He Jiankui: Very recently, a patient flew here to visit me in my office. They are a couple, they are over 40 years old. They want to have a baby and already did IVF. They have embryos, but the embryos have a problem with a chromosome. So this embryo is not good. So one thing, apparently, we could do to help them is to correct the chromosome problem so they can have a healthy embryo, so they can have children. We’re not creating any immunity to anything—it’s just to restore the health of the embryo. And I believe that would be a good start.

Mat Honan: Thank you, JK. Antonio, back over to you. 

Antonio Regalado:  JK, I’m curious about your relationship to the government in China, the central government. You were punished, but on the other hand, you’re free to continue to talk about science and do research. Does the government support you and your ideas? Are you a member of the political party? Have you been offered membership? What is your relationship to the government?

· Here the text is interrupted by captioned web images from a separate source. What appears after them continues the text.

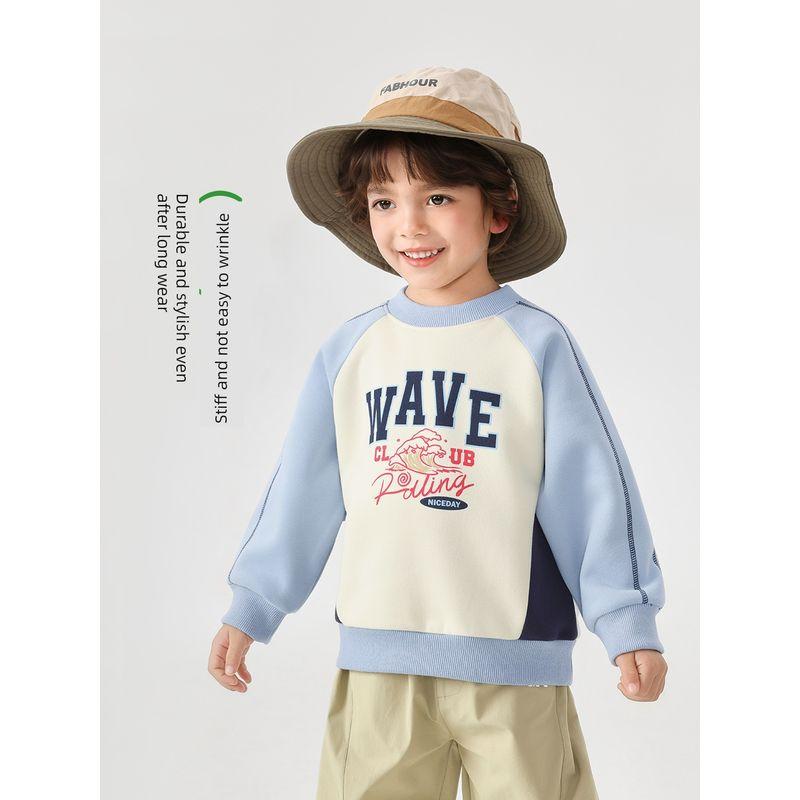 Boys' European-Style Color-Blocked Crewneck Sweatshirt, Spring and Autumn 2026 New Children's Clothing, Baby Inner Wear, Trendy Kids' Top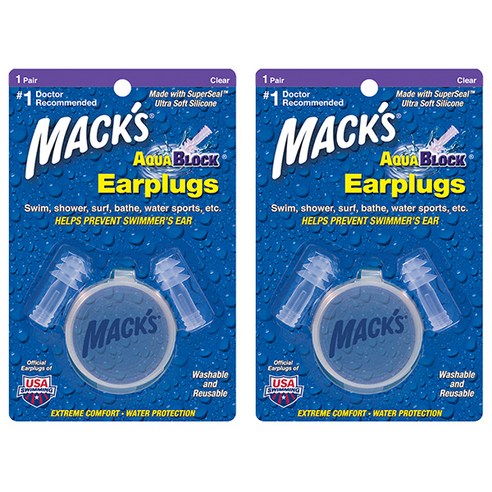 Macks 아쿠아블록 실리콘 수영 귀마개 투명색 2p, 2세트, 1쌍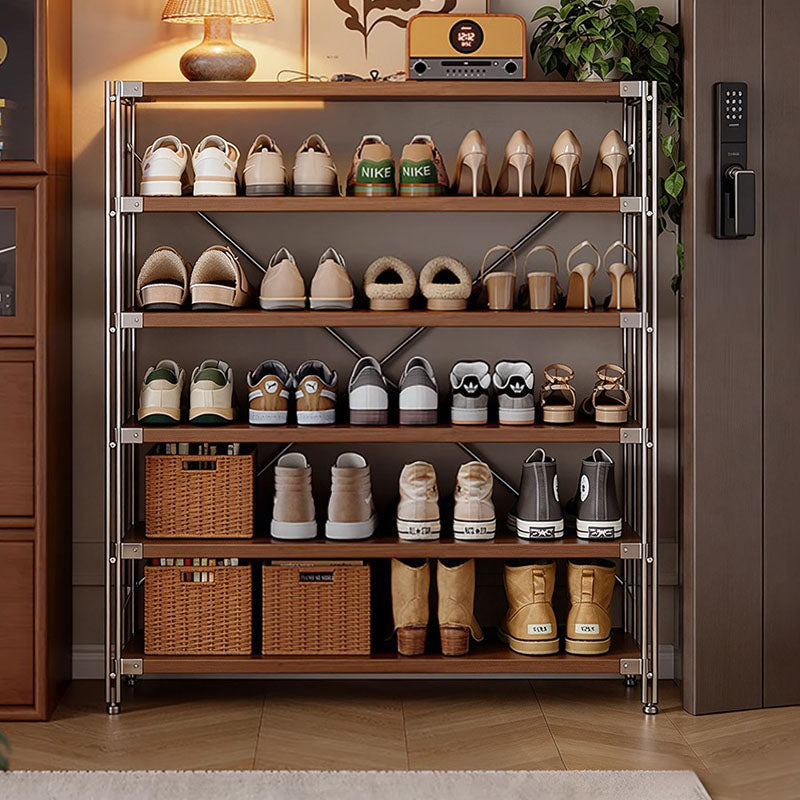 Industrial Rectangular 5/6/7/8/9/10/11-Tier Shoe Storage Rack - With Removable Particleboard Shelves For Entryway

He Jiankui: Next question.

Antonio Regalado: Next question? Okay. Interesting. We’ll have to postpone that one for another day.

Mat, anything else? I think we’re coming up against time, and I’m wondering if we have reader questions. I have one here that I could ask, which is about the new technologies in CRISPR. People want to know where this technology is going, in terms of the methods. You used CRISPR to delete a gene. But CRISPR itself is constantly being improved. There are new tools. So in your lab, in your experiments, what gene-editing technology are you employing?

He Jiankui:  So six years ago, we were using the original CRISPR-Cas9 invented by Jennifer Doudna. But today, we are moving on to base editing, invented by David Liu. The base editing, it’s safe in embryos. It won’t cut the DNA or break it—just small changes. So we no longer use CRISPR-Cas9. We’re using base editing.

Antonio Regalado: And can you tell me the nature of the genetic change that you’re experimenting with or would like to make in these cells to make them resistant to Alzheimer’s? How big a change are you making with this base editor, or trying to make with it?

He Jiankui: So to make people protected against Alzheimer’s, we just need a single base change in the whole human 3 billion letters of DNA. We just change one letter of it to protect people from Alzheimer’s.

Antonio Regalado: And how soon do you think that this could be in use? I mean, it sounds interesting. If I had a child, I might want them to be immune to Alzheimer’s. So this is quite an interesting proposal. What is the time frame in years—if it works in the lab—before it could be implemented in IVF clinics?

He Jiankui: I would say there’s the basic research that could be finished in two years. I won’t move on to the human trial. That’s not my role. It’s determined by society whether to accept it or not. And that’s the ethical side. 

Antonio Regalado: A last question on this from a reader. The question is: How do you prove the benefits? Of course, you can make a genetic change. You can even create a person with a genetic change. But if it’s for Alzheimer’s, it’s going to take 70 years before you know and can prove the results. So how can you prove its medical benefit? Or how can you predict the medical benefit?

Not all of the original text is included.